Sear points out that Lynn’s estimate of Angola’s IQ is based on data from just 19 people and Eritrea’s is based on samples of children living in orphanages.

“The problem is that the data that Lynn used to generate this data set is just nonsense, and it is nonsense in multiple dimensions,” Rutherford said, noting that the Somali figure in Lynn’s data set is based on a sample of refugees aged eight to 18 who were assessed in a Kenyan refugee camp. It adds that Botswana’s score is based on a unique sample of 104 Tswana-speaking secondary school students, aged seven to 20, who were tested in English.

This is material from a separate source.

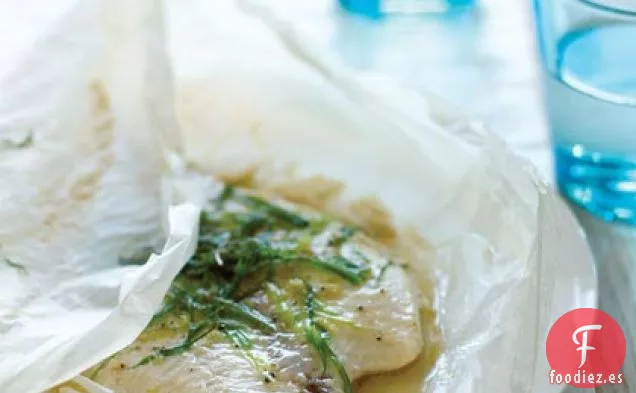 Cebolla Verde y Pergamino de Sésamo-Pescado al horno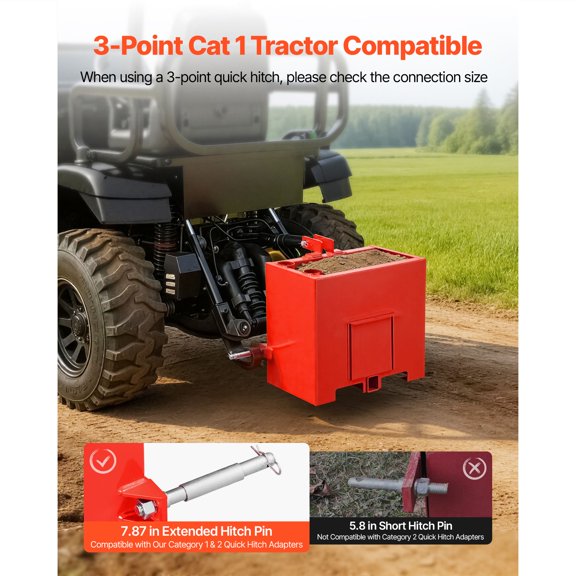 Ballast Box, 3-Point Category 1 Tractor Ballast of 800 lbs Capacity, with Standard 2 Inch Hitch Receiver, Heavy-Duty Steel 3.2 ft Large Volume Durable Loader Attachment with Sliding Door, Red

Critics of the use of national IQ tests to promote the idea of ​​racial superiority point out not only that the quality of the samples being collected is weak, but also that the tests themselves are typically designed for Western audiences and, therefore, They are biased even before they are applied. administered.

“There is evidence that Lynn systematically biased the database by preferentially including samples with low IQs, to the exclusion of those with higher IQs, for African nations,” Sears added, a conclusion supported. by a 2020 preprint study.

Lynn published several versions of his national IQ data set over the decades, the most recent of which, called “The Intelligence of Nations,” was published in 2019. Over the years, the flawed work of Lynn has been used by racist and far-right groups. groups as evidence to support claims of white superiority. The data has also been converted into a color-coded world map, showing sub-Saharan African countries with supposedly low IQ colored in red compared to Western nations, which are colored in blue.

“This is a data visualization that you see all over Twitter, all over social media, and if you spend a lot of time in racist gatherings on the web, you just see it as a racist argument that says ‘Look at the data.’ Look at the map,’” Rutherford says.

But Rutherford believes the blame lies not solely with artificial intelligence systems, but with a scientific community that has been uncritically citing Lynn’s work for years.

“It’s actually not surprising (that AI systems are citing him) because Lynn’s work in IQ has been accepted without question by a large area of ​​academia and if you look at the number of times his foundations of national IQ data have been cited in academic papers, it’s in the hundreds,” Rutherford said. “So it’s not AI’s fault, it’s academics’ fault.”